- Interactive map of Kanju
- Coordinates: 34°48′0″N 72°21′0″E﻿ / ﻿34.80000°N 72.35000°E
- Country PAKISTAN: Pakistan
- Province: Khyber Pakhtunkhwa
- District: Swat District

= Kanju =

Village in Khyber Pakhtunkhwa, Pakistan

Kanju is a village situated on the bank of the River Swat in Swat District, Khyber Pakhtunkhwa, Pakistan.

==Location==
It is 3 kilometres away from Mingora, the main city of Swat District, and about 5 kilometres from Saidu Sharif, the district's capital. It is situated on the bank of the River Swat. It is the first entry point to Nekpekhail (Nek Bi Khel) area.

==Agriculture==
The major source of earning is agriculture and fruit farming. The peaches of Kanju and overall Swat are known all over Pakistan.
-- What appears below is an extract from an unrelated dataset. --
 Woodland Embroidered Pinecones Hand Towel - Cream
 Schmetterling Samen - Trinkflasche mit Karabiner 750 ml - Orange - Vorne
Kanju contributes heavily in farming by producing a large amount of local rice called "Begamai". A considerable number of people own small and large businesses in various places of Khyber Pakhtunkhwa.

==Education==
Kanju is home to a number of government colleges, including Government High School for boys, Government Middle School for girls and several Government Primary Schools for boys and girls. There are a number of public and private schools and colleges: Al-Razi Public School and College, Hira School and College, Iqra School and College, Shah Public School and College Muslim Hands Public School, Islamia Public School, Continental Public School, Bolan Education Academy, Town Public School, Kanju public School and several modern schools like Eurasian, Al-Qalam and Nexus schools. There is also a technical college Indus Polytechnic Institute.

==Saidu Sharif Airport==
Saidu Sharif Airport is situated between Kanju and Dherai.

==Tourist attractions==
There are views of the River Swat from Ayub Bridge in Kanju. The township and sham baba [the son of mahmood ghaznavi) is a famous martyr, his date of martyring is 413 hijri. Saidu Sharif Airport is a small airport mainly used for domestic flights. There are many travel agencies here.

==Residential scheme==
Kanju Township is a residential scheme undertaken by the SDDA. It consists of two phases. Phase one is ready while phase two is in the making. Phase one consists of sectors from A to E. Plots in sector one are more costly.